TASK INPUT |
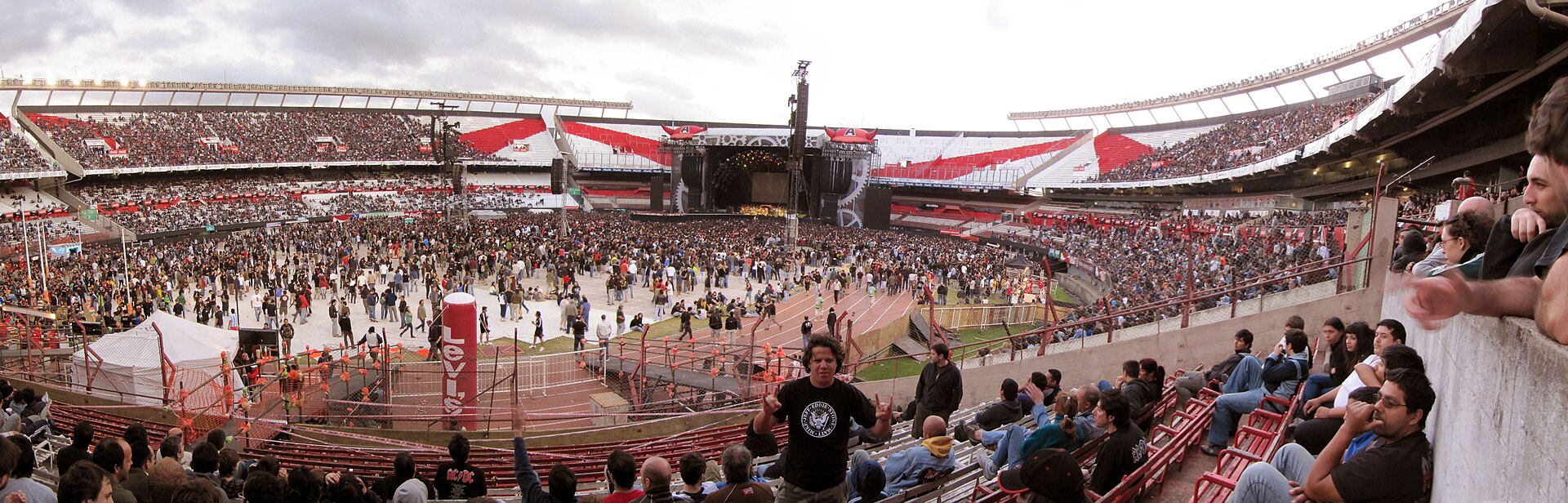 Concierto multitudinario en el estadio River Plate de Buenos Aires, Argentina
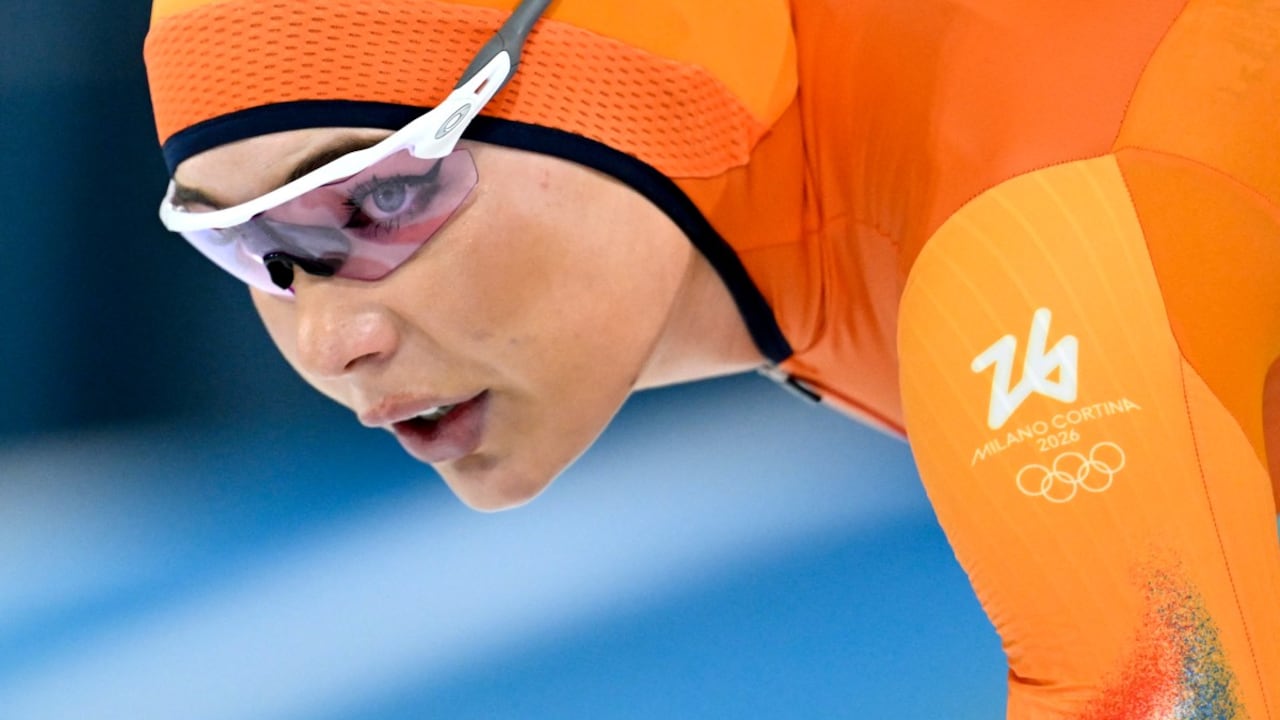 La holandesa Jutta Leerdam compite en los 1000 metros de patinaje de velocidad femenino durante los Juegos Olímpicos de Invierno Milano Cortina 2026.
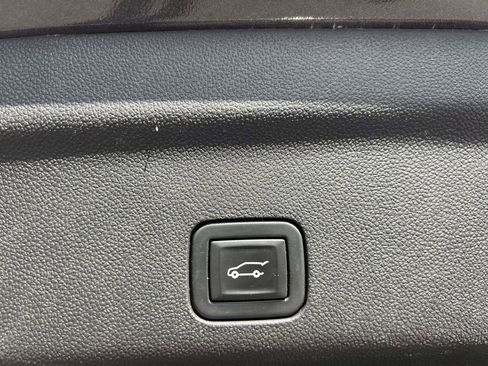 Used 2021 GMC Yukon SLT w/ SLT Luxury Plus Package image 10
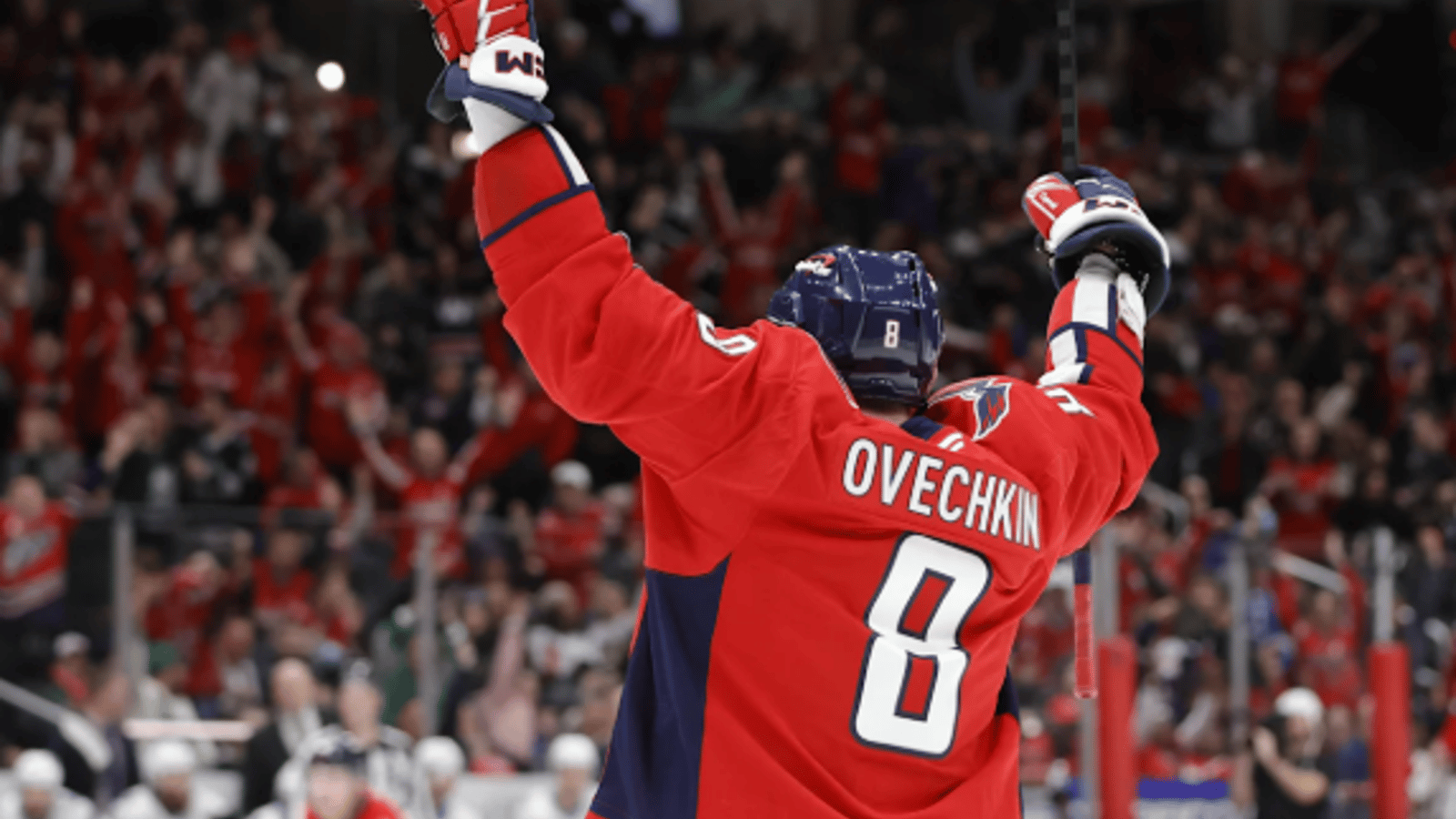 Alex Ovechkin inscrit son 32e tour du chapeau en carrière et s'approche dangereusement du record de Wayne Gretzky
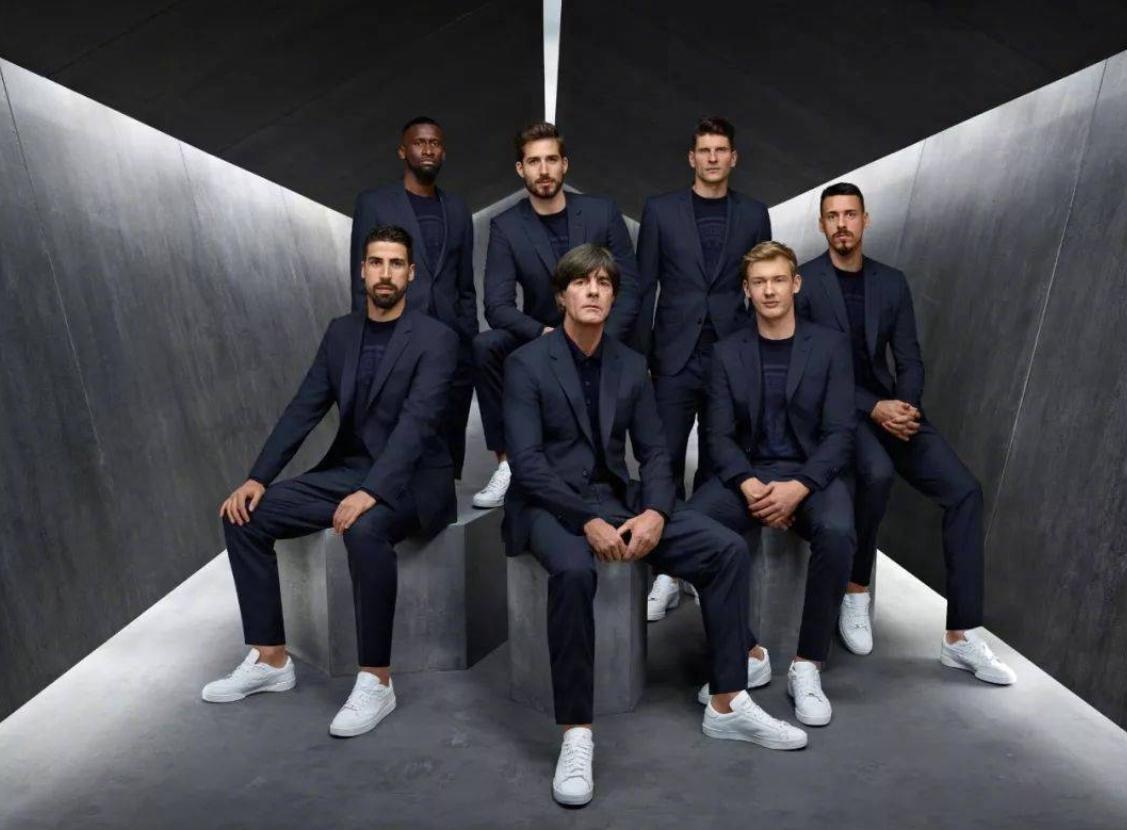 Dàn sao tuyển Đức hóa người mẫu trong bộ suit ảnh 2 Dan sao tuyen Duc hoa nguoi mau trong bo suit anh 2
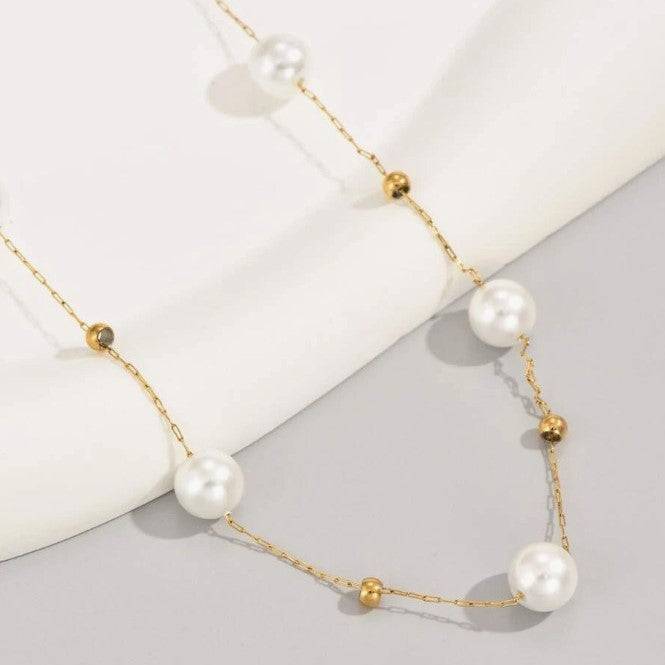 Angelica Pearl Collar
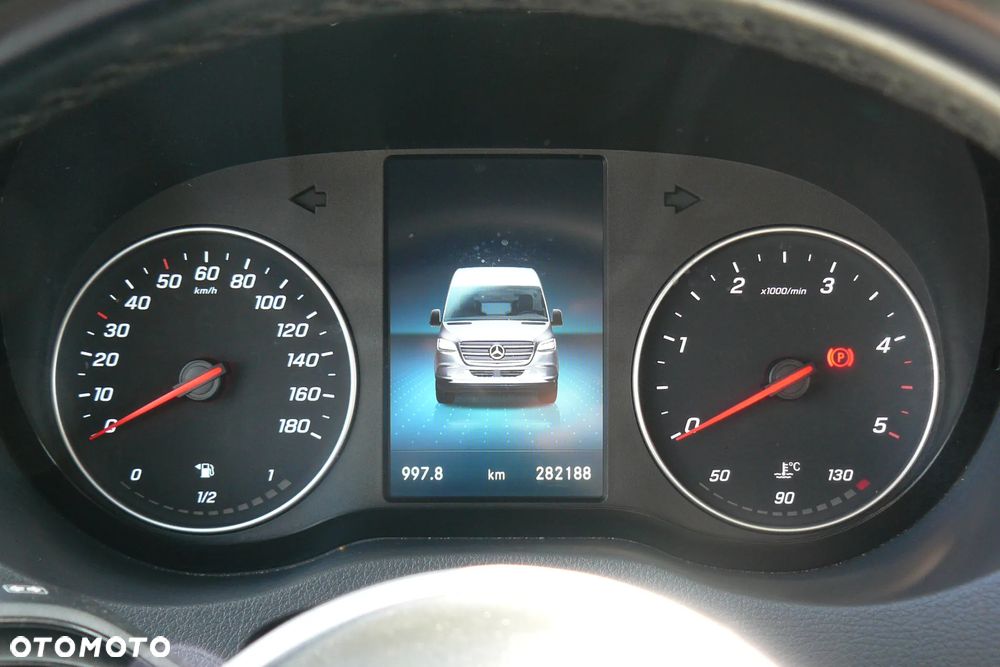 Mercedes-Benz Sprinter 907 3,0 V6 - 8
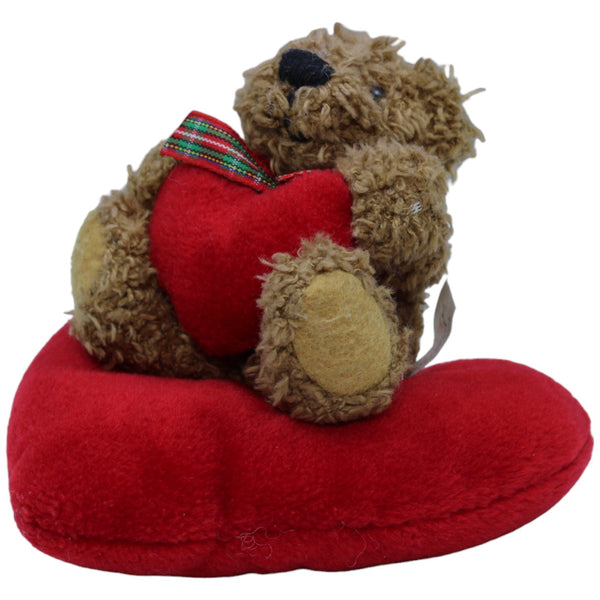 Süßer Teddybär auf rotem Herz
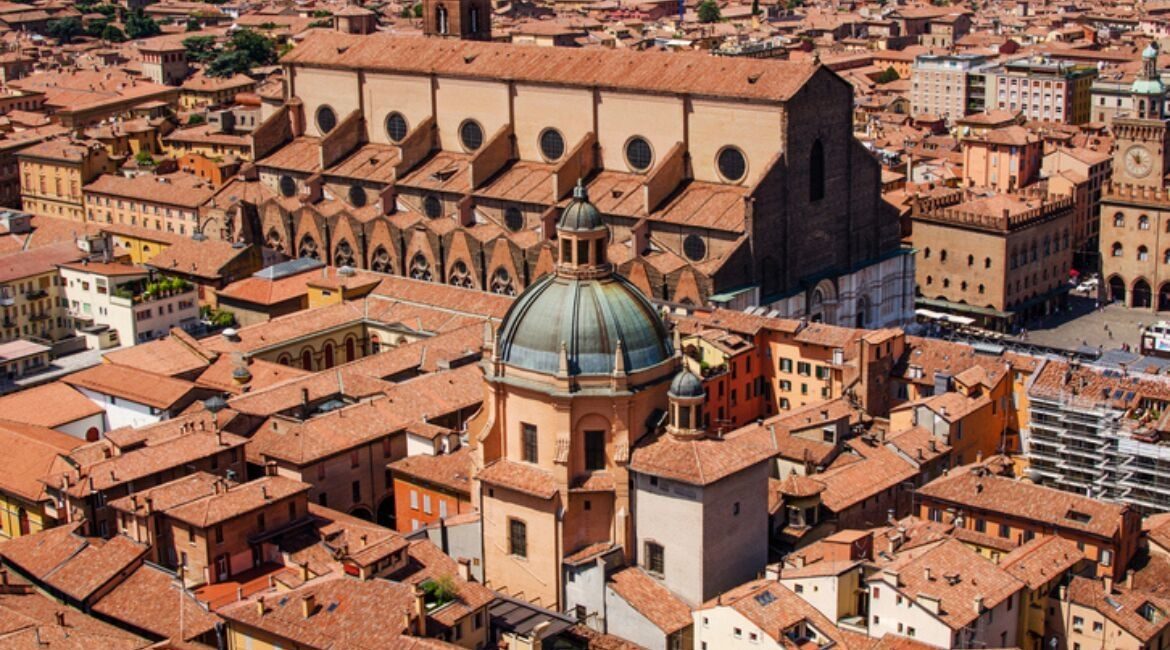 Svolta verde per Bologna, da gennaio ZTL ambientale e bonus mobilità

PROBLEM DETAILS |
Starting with the line that contains "La holandesa Jutta", repeat each line exactly through the last line of the data above, and nothing more; the pictures stay out.

OUTPUT FOR THIS TASK |
 La holandesa Jutta Leerdam compite en los 1000 metros de patinaje de velocidad femenino durante los Juegos Olímpicos de Invierno Milano Cortina 2026.
 Used 2021 GMC Yukon SLT w/ SLT Luxury Plus Package image 10
 Alex Ovechkin inscrit son 32e tour du chapeau en carrière et s'approche dangereusement du record de Wayne Gretzky
 Dàn sao tuyển Đức hóa người mẫu trong bộ suit ảnh 2 Dan sao tuyen Duc hoa nguoi mau trong bo suit anh 2
 Angelica Pearl Collar
 Mercedes-Benz Sprinter 907 3,0 V6 - 8
 Süßer Teddybär auf rotem Herz
 Svolta verde per Bologna, da gennaio ZTL ambientale e bonus mobilità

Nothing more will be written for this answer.